◆ **AIM OF THE TASK**: Copy every line from the one that holds "Cover for Susie" to the end of the records below, exactly and with nothing else, but without any pictures.

◆ **EXERCISE INPUTS**:
::::::::

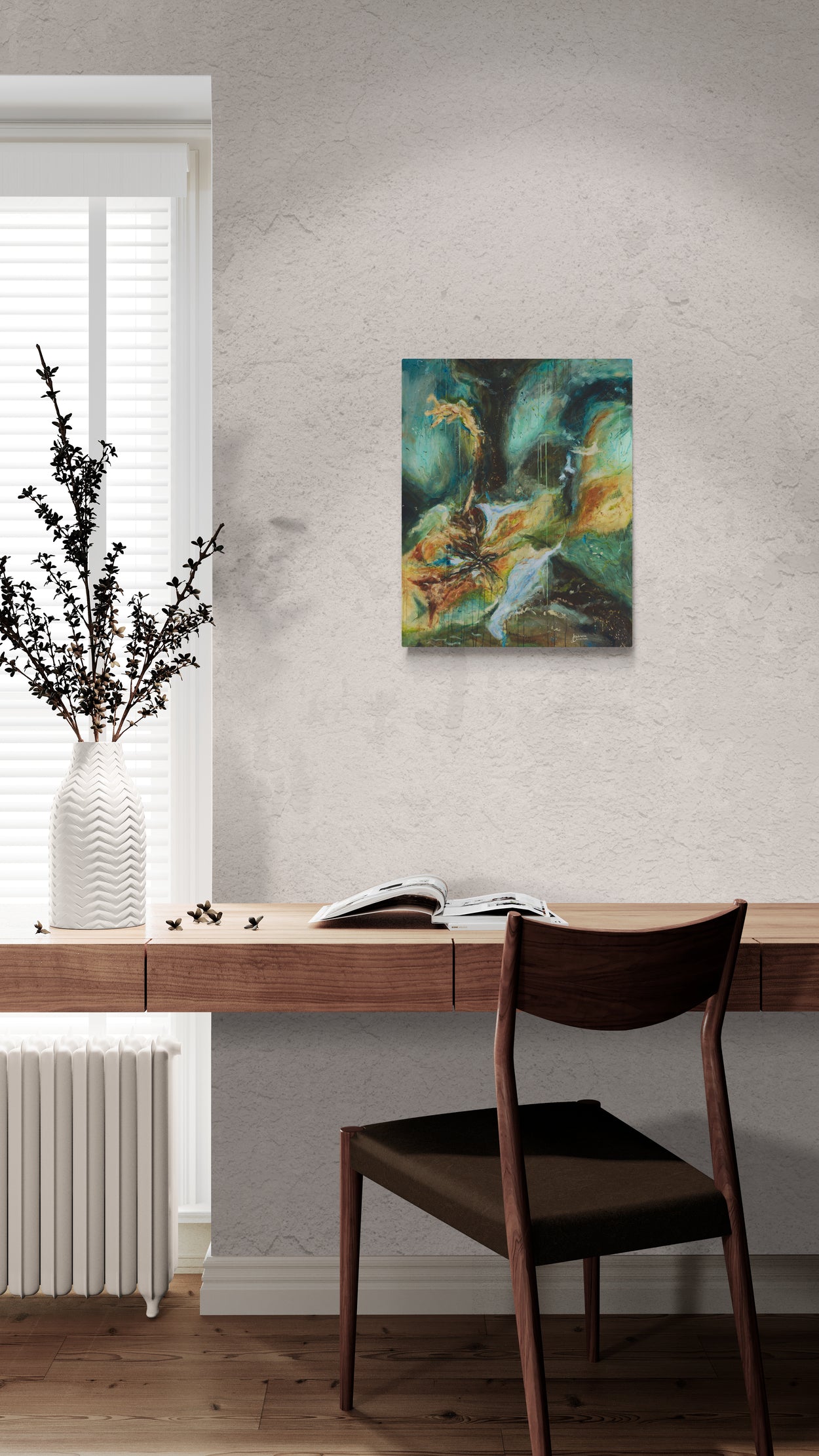 SWEET ALLIANCE - CANVAS PRINT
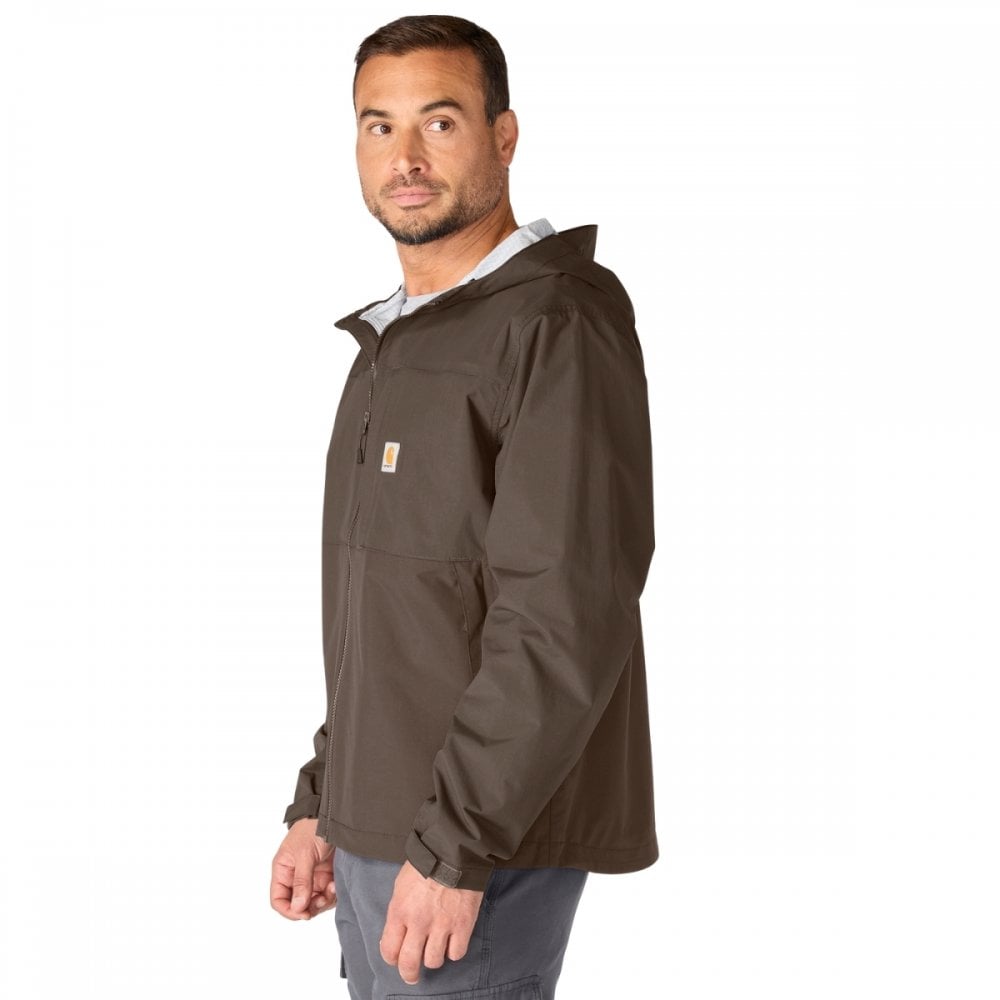 105751 Relaxed Fit Packable Jacket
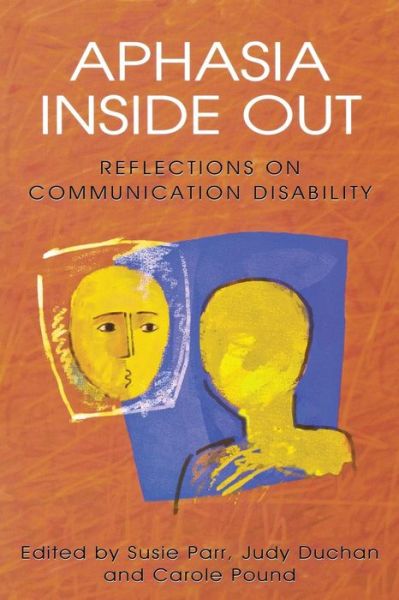 Cover for Susie Parr · Aphasia Inside Out (Paperback Book) [Ed edition] (2003)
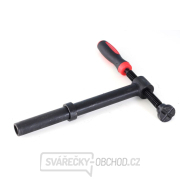 Svěrka šroubová 90° 300x150 gallery main image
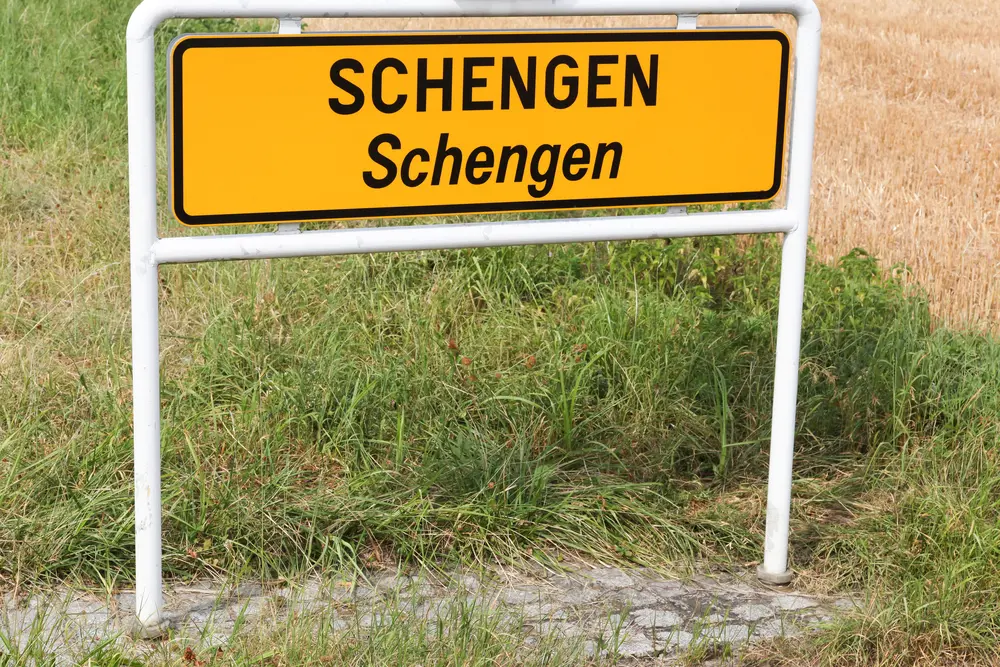 spatiul schengen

::::::::

◆ **EXERCISE ANSWER**:
 Cover for Susie Parr · Aphasia Inside Out (Paperback Book) [Ed edition] (2003)
 Svěrka šroubová 90° 300x150 gallery main image
 spatiul schengen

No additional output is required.